Your fluent Spanish will be a great help to you, particularly given the poor signposting – we generally advise that you may need to ask locals for directions at times. I have a few other tips to help too: the first is to get a good map – the best you can afford. There are plenty available on-line, and Stanfords in Covent Garden is the best shop in the UK. (If you book through us we’ll give you a map, of course.). You may be interested in our self-drive holidays to Cuba too.
Secondly, getting out of Havana and finding your way eastwards to the start of the motorway which runs towards Santiago is really, really difficult, so I’d advise paying a taxi driver to guide you to the point where the motorway starts. (Again, we include an escort for this part of the journey in our self-drive holidays.) Finding your way westwards is easier.

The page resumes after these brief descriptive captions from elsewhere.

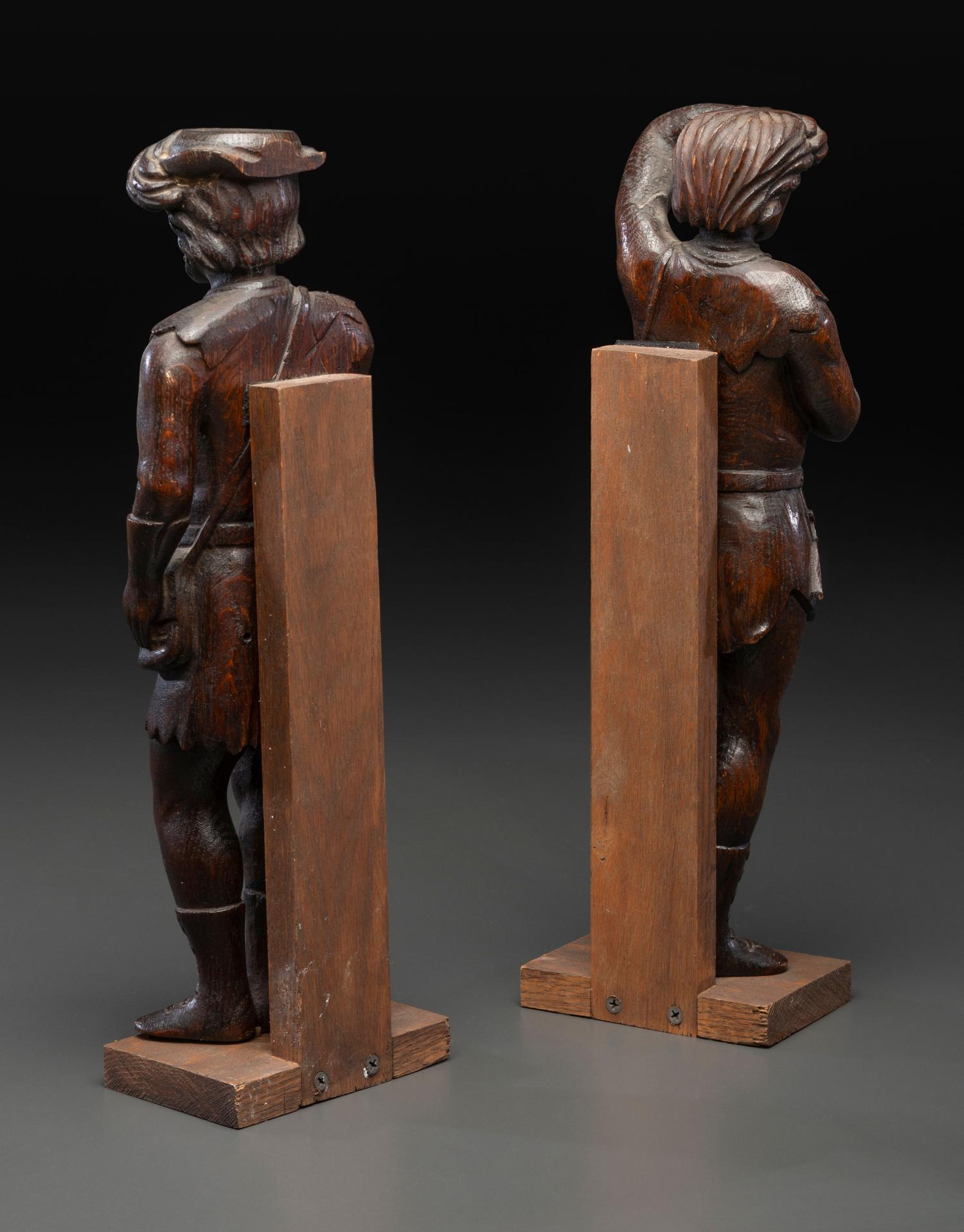 A Pair of Continental Carved Oak Huntsman Figures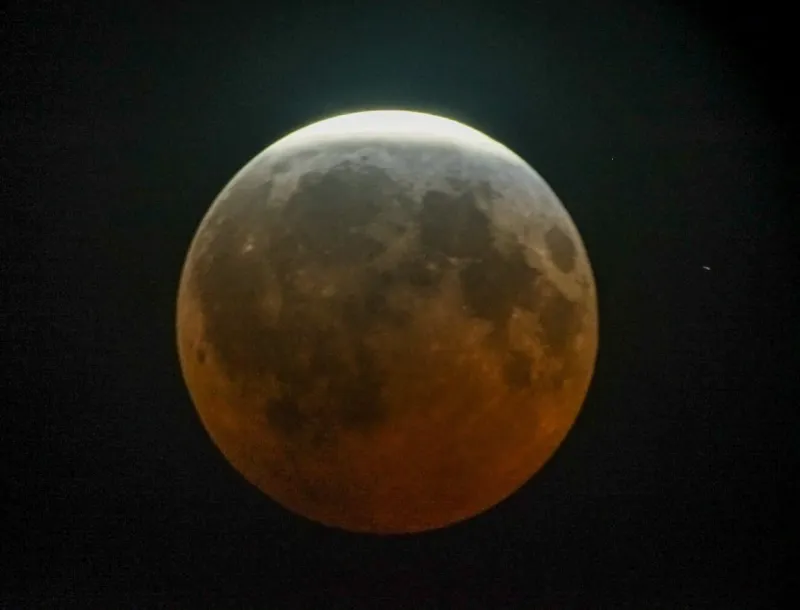 Near-total lunar eclipse dazzles skywatchers across the Americas and Europe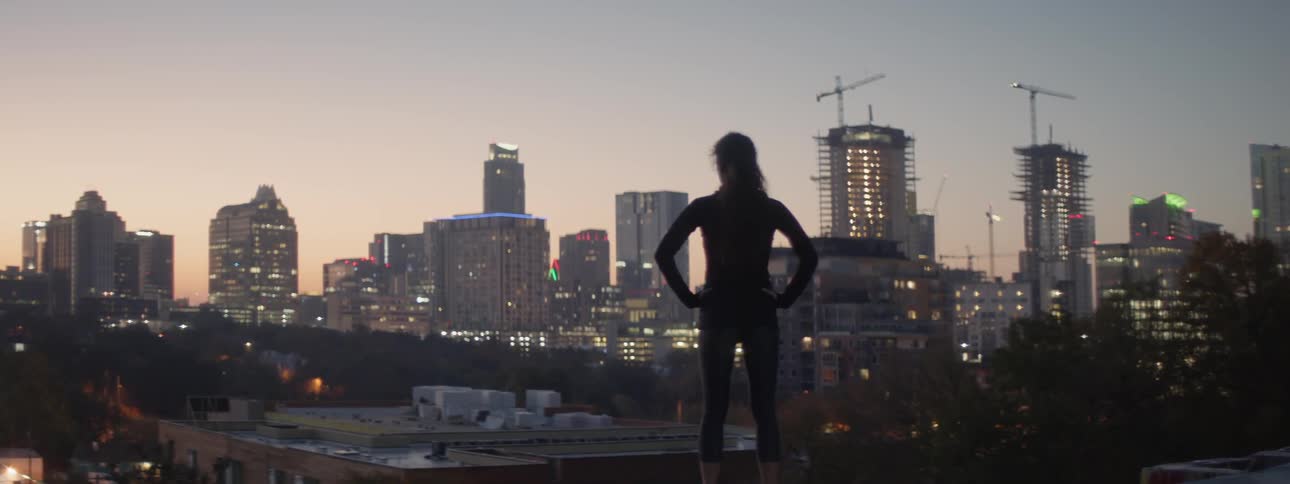 A woman stands on the roof looking over the city at dawn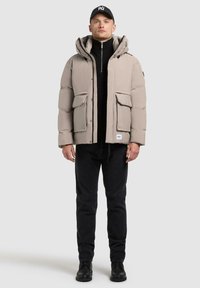 Beige puffer jacket with hood, two front pockets, and a zipper. Worn over a black high-neck top and paired with dark jeans and black boots.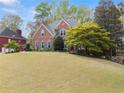 Beautiful brick home with a lush front lawn, showcasing its classic architecture and mature landscaping at 1870 Chattahoochee Run Dr, Suwanee, GA 30024
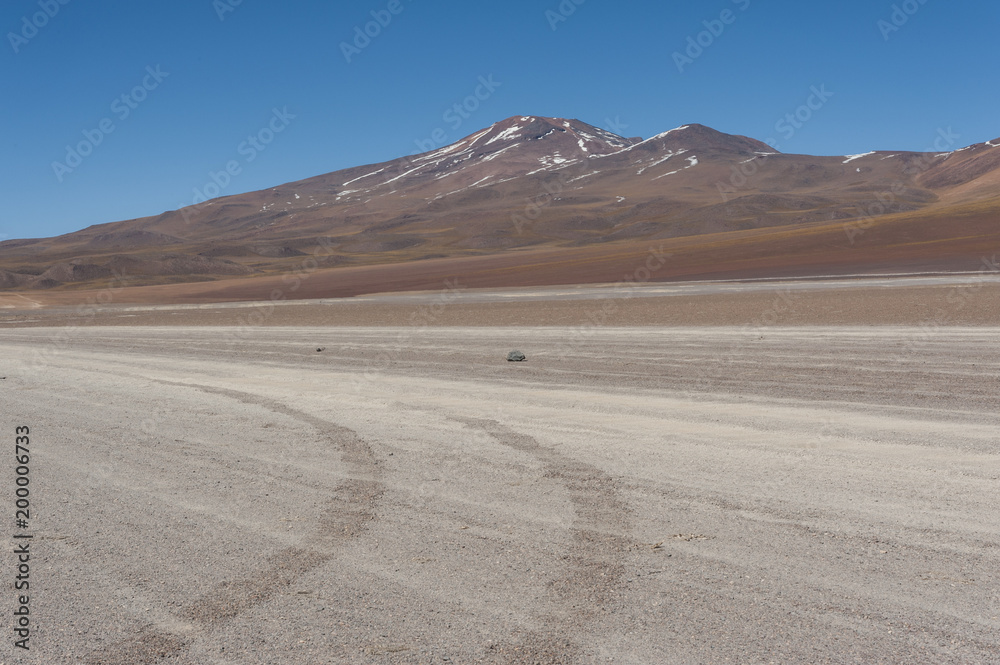 Unpaved Road in Altiplano of the Siloli desert, part of the Reserva Eduardo Avaroa, Bolivia - at an altitude of 4600m near the border of Chile and the Atacama desert, South America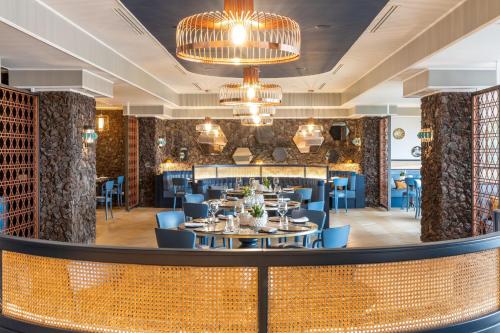 a dining room with tables and chairs and chandeliers at Delta Hotels by Marriott Giardini Naxos in Giardini Naxos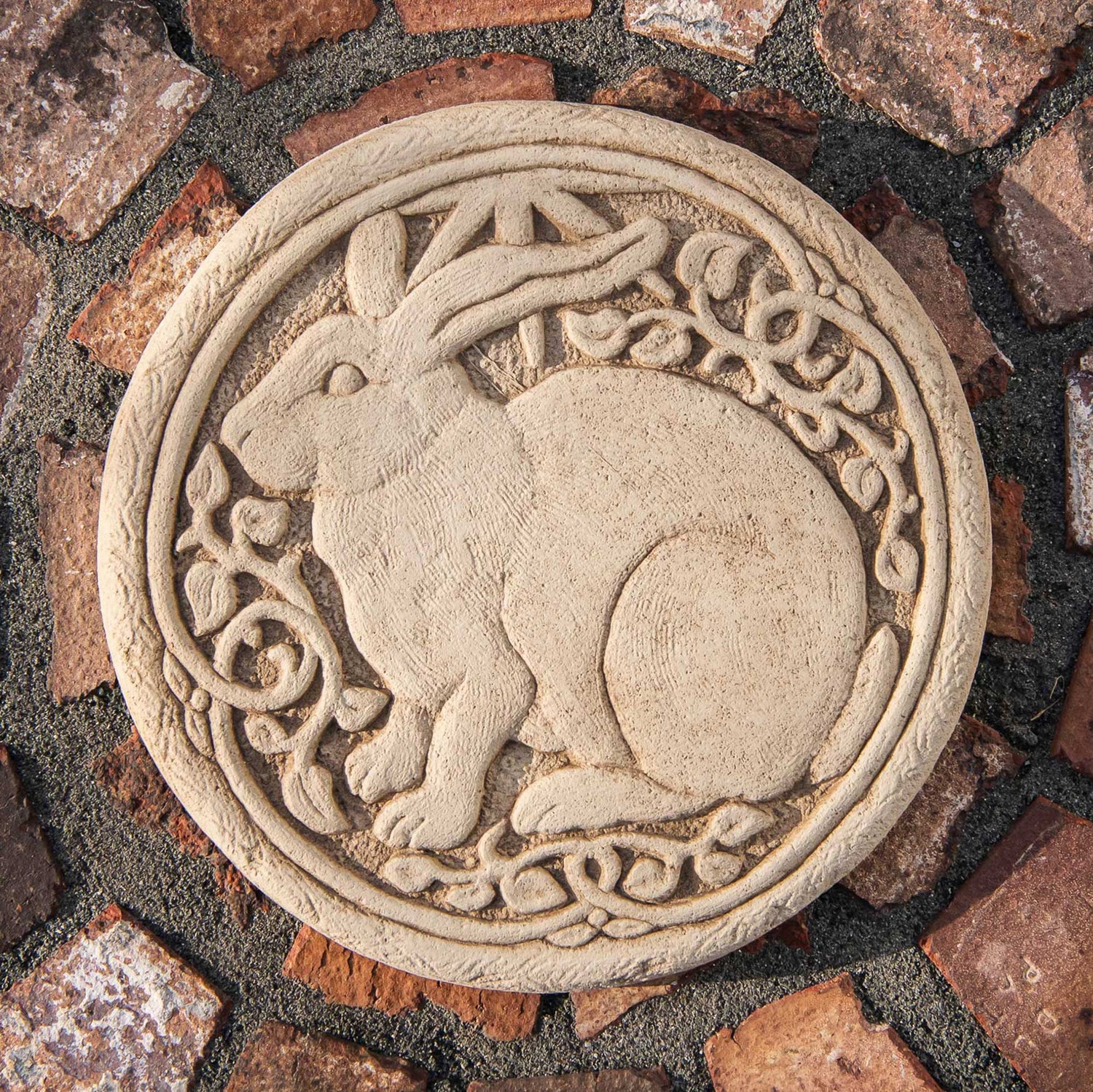 Handcrafted round stone rabbit plaque with Celtic knotwork border by Carruth Studio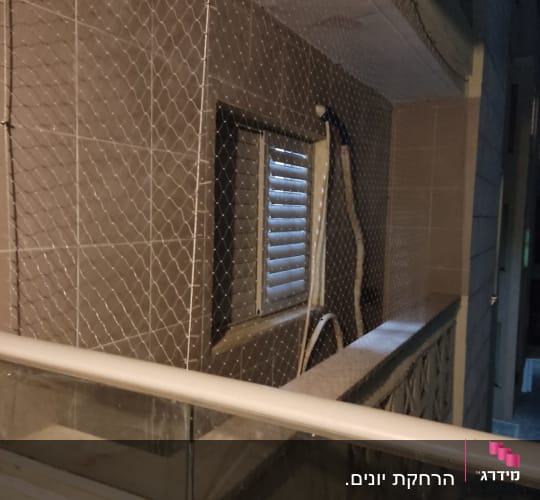 רשת הגנה מותקנת על חלון למניעת כניסת יונים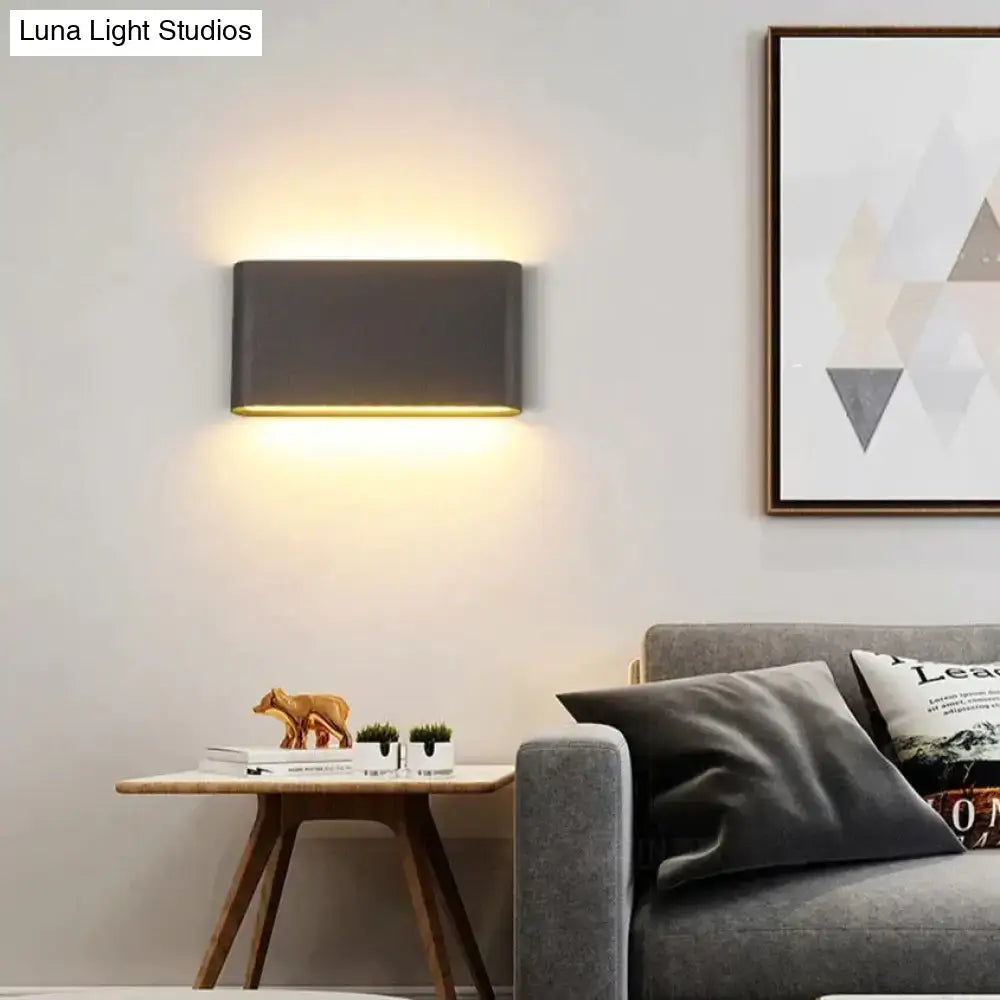Modern black luna outdoor wall light with sleek dark gray finish and warm led ambient lighting for patio use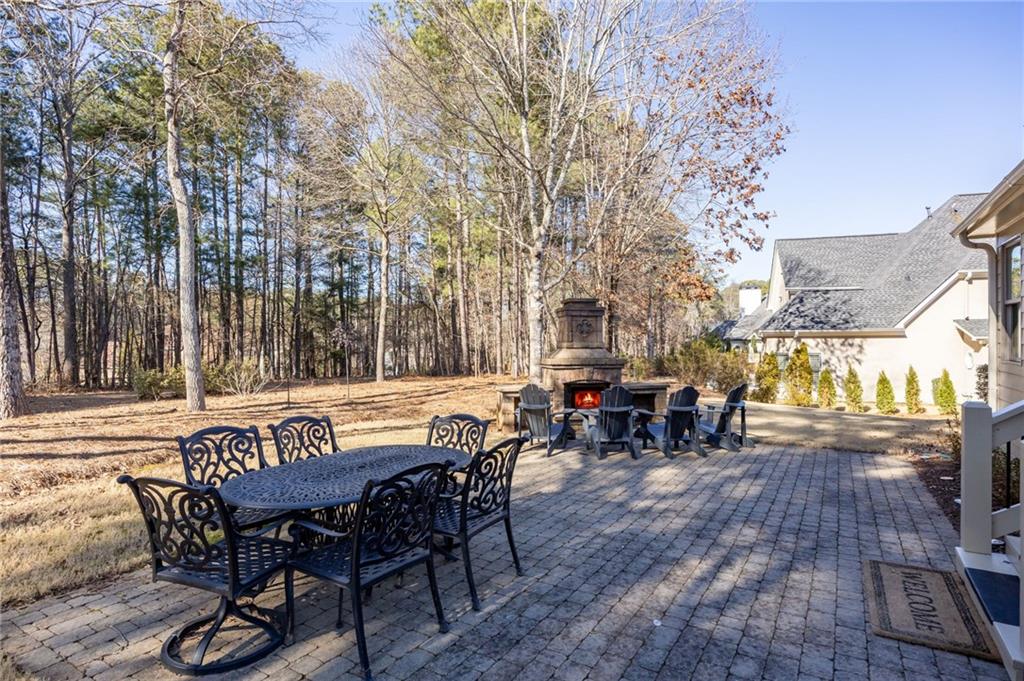 5318 Tallgrass Way Kennesaw, GA 30152 - Photo 49 of 70 a view of a patio with table and chairs with wooden floor and fence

I would also avoid driving at night – it’s easier to get lost, and lots of vehicles drive with no lights. Now Cuba is such friends with Venezuela, petrol is much easier to find. Fill up in medium and larger towns, and be aware that petrol stations are very intermittent on the eastbound motorway, which bypasses larger towns.
In terms of the birding, I’m sure you already have plenty in mind, but I would try the Laguna de Las Salinas (part of Las Salinas Wildlife Refuge) for observing migratory birds between November and May, and also Cayo Sabinal, to the north of Nuevitas in the province of Camagüey.